### About this task
Restate word for word the span that opens with the line containing "Shots Ouch! Runder" and closes with the final line of the data; give only those lines.
===== Information supplied
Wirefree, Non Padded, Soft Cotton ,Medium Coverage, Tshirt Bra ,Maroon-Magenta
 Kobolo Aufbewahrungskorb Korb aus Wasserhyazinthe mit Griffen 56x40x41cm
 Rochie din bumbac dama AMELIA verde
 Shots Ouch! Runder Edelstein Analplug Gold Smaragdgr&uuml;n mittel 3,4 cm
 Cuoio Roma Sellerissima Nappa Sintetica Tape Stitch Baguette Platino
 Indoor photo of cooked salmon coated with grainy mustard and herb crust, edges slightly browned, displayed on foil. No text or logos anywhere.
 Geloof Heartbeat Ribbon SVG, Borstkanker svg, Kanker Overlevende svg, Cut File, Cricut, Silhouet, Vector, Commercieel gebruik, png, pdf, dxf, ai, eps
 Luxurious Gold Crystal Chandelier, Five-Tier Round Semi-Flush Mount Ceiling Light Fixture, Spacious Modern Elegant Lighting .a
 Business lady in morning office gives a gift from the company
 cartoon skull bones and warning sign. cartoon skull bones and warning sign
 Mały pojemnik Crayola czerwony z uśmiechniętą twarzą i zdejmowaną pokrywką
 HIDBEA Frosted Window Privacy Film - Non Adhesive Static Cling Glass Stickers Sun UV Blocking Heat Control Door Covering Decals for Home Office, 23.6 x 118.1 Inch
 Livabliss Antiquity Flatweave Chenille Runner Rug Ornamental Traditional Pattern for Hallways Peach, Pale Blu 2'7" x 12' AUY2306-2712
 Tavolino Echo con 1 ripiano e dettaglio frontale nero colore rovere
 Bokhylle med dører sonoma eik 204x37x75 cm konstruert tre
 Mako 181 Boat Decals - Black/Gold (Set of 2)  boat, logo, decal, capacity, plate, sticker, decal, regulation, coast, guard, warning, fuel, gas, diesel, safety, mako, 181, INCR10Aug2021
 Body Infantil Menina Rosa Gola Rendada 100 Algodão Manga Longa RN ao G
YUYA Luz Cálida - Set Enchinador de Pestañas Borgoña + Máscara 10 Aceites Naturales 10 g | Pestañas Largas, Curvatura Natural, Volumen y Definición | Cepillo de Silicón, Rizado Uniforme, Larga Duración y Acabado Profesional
==========
### Task answer
 Shots Ouch! Runder Edelstein Analplug Gold Smaragdgr&uuml;n mittel 3,4 cm
 Cuoio Roma Sellerissima Nappa Sintetica Tape Stitch Baguette Platino
 Indoor photo of cooked salmon coated with grainy mustard and herb crust, edges slightly browned, displayed on foil. No text or logos anywhere.
 Geloof Heartbeat Ribbon SVG, Borstkanker svg, Kanker Overlevende svg, Cut File, Cricut, Silhouet, Vector, Commercieel gebruik, png, pdf, dxf, ai, eps
 Luxurious Gold Crystal Chandelier, Five-Tier Round Semi-Flush Mount Ceiling Light Fixture, Spacious Modern Elegant Lighting .a
 Business lady in morning office gives a gift from the company
 cartoon skull bones and warning sign. cartoon skull bones and warning sign
 Mały pojemnik Crayola czerwony z uśmiechniętą twarzą i zdejmowaną pokrywką
 HIDBEA Frosted Window Privacy Film - Non Adhesive Static Cling Glass Stickers Sun UV Blocking Heat Control Door Covering Decals for Home Office, 23.6 x 118.1 Inch
 Livabliss Antiquity Flatweave Chenille Runner Rug Ornamental Traditional Pattern for Hallways Peach, Pale Blu 2'7" x 12' AUY2306-2712
 Tavolino Echo con 1 ripiano e dettaglio frontale nero colore rovere
 Bokhylle med dører sonoma eik 204x37x75 cm konstruert tre
 Mako 181 Boat Decals - Black/Gold (Set of 2)  boat, logo, decal, capacity, plate, sticker, decal, regulation, coast, guard, warning, fuel, gas, diesel, safety, mako, 181, INCR10Aug2021
 Body Infantil Menina Rosa Gola Rendada 100 Algodão Manga Longa RN ao G
YUYA Luz Cálida - Set Enchinador de Pestañas Borgoña + Máscara 10 Aceites Naturales 10 g | Pestañas Largas, Curvatura Natural, Volumen y Definición | Cepillo de Silicón, Rizado Uniforme, Larga Duración y Acabado Profesional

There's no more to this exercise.